Die Engländer schlossen sich der größeren Gruppe, die Europa in der EU vereinte, nicht vollständig an. England zum Beispiel behielt das Pfund Sterling als Währung bei, während Irland sich Europa anschloss und die neue gemeinsame Währung Euro einführte. Durch die Vereinigung und Vermischung von vermeintlich unterschiedlichen Gruppen, Kulturen und Religionen in ganz Europa fühlten sich die Engländer in ihrer Gruppenidentität und den für sie notwendigen Ressourcen (wirtschaftliche Möglichkeiten) bedroht. Das Ergebnis der Nichtanerkennung und Nichtbeachtung dieser grundlegenden Eigenschaft des menschlichen Gehirns, bei der der T-Auslöser der Wut uns entweder eint oder trennt, ist der Grund für den Brexit. Unabhängig von der Ideologie, der Wirtschaftstheorie oder den politischen Details ist dies eine Kernfunktion des Gehirns eines jeden von uns – kaum einzigartig für die Briten. Dieser T-Auslöser wird nun die verbleibenden Mitglieder der EU dazu bringen, defensiv und wütend zu handeln, um das Vereinigte Königreich zu vertreiben.

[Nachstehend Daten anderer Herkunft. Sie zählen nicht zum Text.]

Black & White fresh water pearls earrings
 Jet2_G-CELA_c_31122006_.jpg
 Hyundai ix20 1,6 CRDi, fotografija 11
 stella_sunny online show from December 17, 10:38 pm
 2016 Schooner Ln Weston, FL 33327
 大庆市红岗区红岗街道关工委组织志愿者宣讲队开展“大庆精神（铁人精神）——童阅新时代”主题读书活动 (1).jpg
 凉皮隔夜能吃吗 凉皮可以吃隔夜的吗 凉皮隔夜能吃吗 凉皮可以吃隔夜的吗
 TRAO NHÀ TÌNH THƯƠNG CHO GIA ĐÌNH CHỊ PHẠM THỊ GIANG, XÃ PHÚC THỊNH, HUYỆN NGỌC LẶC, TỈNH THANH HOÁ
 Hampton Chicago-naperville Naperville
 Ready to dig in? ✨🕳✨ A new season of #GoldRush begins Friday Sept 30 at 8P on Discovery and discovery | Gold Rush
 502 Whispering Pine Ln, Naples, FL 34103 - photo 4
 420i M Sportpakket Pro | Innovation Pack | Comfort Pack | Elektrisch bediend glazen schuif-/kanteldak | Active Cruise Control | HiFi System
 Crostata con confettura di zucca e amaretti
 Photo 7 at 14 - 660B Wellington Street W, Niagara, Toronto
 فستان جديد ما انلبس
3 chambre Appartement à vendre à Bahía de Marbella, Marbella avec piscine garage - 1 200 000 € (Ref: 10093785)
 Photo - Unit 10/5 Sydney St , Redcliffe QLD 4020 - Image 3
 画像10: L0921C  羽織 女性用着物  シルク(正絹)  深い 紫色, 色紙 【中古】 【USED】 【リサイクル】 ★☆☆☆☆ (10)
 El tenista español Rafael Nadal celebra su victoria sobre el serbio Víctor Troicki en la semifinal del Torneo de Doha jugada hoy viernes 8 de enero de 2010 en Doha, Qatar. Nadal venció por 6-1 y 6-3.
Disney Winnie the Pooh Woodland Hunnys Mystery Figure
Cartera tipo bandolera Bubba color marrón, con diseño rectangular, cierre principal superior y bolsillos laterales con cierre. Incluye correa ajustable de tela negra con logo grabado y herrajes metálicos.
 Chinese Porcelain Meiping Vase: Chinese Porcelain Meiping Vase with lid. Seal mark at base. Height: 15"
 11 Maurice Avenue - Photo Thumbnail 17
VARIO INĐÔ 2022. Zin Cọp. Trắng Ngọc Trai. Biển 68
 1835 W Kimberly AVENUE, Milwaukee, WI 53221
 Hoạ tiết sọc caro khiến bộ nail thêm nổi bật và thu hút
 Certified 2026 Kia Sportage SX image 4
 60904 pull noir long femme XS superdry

Dieser Fraktionszwang, der sich im Brexit zeigt, scheint die ganze Welt zu erfassen. Wir sehen, wie er in der Politik der Präsidenten, in Religionskriegen, in Reaktionen auf Einwanderer und Kriegsflüchtlinge, in abscheulichen Massenerschießungen durch Einzelpersonen, die Gewalt gegen „andere“ ausüben, um „uns“ zu schützen – ob es sich nun um Afroamerikaner handelt, die in der Kirche beten, junge Homosexuelle, die in einem Nachtclub tanzen, junge Menschen in Oslo, die im Namen der weißen Vorherrschaft abgeschlachtet werden, oder die Dysfunktionalität durch Fraktionszwang, die den Kongress der Vereinigten Staaten lahmgelegt hat und die politischen Parteien – beide Demokraten, aber vor allem die Republikaner – in „wir gegen sie“ zerrüttet.“ Es gibt Gründe für den zunehmenden Tribalismus; zum Beispiel erhöhen internationale Hochgeschwindigkeitsreisen und sofortige elektronische Kommunikation rund um den Globus die Möglichkeiten für Begegnungen und Konflikte zwischen Menschen, die anders sind. Welches Ereignis auch immer die Schaltkreise des menschlichen Gehirns in Gang setzt, die sich gegen die Außengruppe richten, führt nur zu einem Ergebnis: Wut und Gewalt. Als Amerikaner haben wir dies in unserer eigenen Geschichte in einem Bürgerkrieg erlebt, der mehr Amerikanern das Leben kostete als alle anderen Kriege, die Amerika zusammengenommen geführt hat.

Quelle: R. Douglas Fields

Diese Biologie der Wut und Aggression kann nicht ignoriert werden. Eine Lösung kann nur darin bestehen, diesen biologischen Imperativ anzuerkennen und sich mit den Gründen für die wahrgenommene Entfremdung großer Gruppen von Menschen zu befassen, wenn sie beginnen, sich innerhalb einer Gruppe zu entwickeln, und dann dieselben mächtigen neuronalen Schaltkreise des T-Triggers zu nutzen, um sich ungeachtet der individuellen Unterschiede zu einer größeren gemeinsamen Gruppe zusammenzuschließen. Die Vereinigten Staaten, wie auch das Vereinigte Königreich, sind viel mehr als die Summe ihrer Teile, wenn sie als Gruppe mit einer gemeinsamen Identität und einem gemeinsamen Ziel zusammenarbeiten. Trotz der ideologischen Unterschiede und des Scheiterns des Kommunismus, das die UdSSR und andere kommunistische Länder auf der ganzen Welt gespalten hat, bestand die Stärke dieses Systems in der „Solidarität“. Diese Stärke ergab sich aus dem T-Trigger, der im Gehirn der Menschen für das Überleben in einer gefährlichen Welt mit begrenzten Ressourcen geschmiedet wurde, genau wie die Welt, in der wir heute leben.